= Liberia at the Africa Cup of Nations =

Liberia participated in the African Cup of Nations twice, in 1996 and 2002. In the 1996 African Cup of Nations qualification, Liberia managed to register three wins (against Togo, Tunisia and Mauritania) and four draws, which saw them finish the group in second place and qualify for their first African Cup of Nations tournament.

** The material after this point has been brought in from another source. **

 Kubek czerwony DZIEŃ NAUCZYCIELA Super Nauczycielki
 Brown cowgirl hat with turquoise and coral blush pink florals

Following the withdrawal of Nigeria, Liberia was placed in a group with Gabon and Zaire. Liberia opened the tournament with a 2–1 victory over Gabon with goals from Kelvin Sebwe and Mass Sarr Jr. but lost 2–0 to Zaire. This meant that Liberia finished bottom of the group on goal difference and failed to progress to the knock-out stages.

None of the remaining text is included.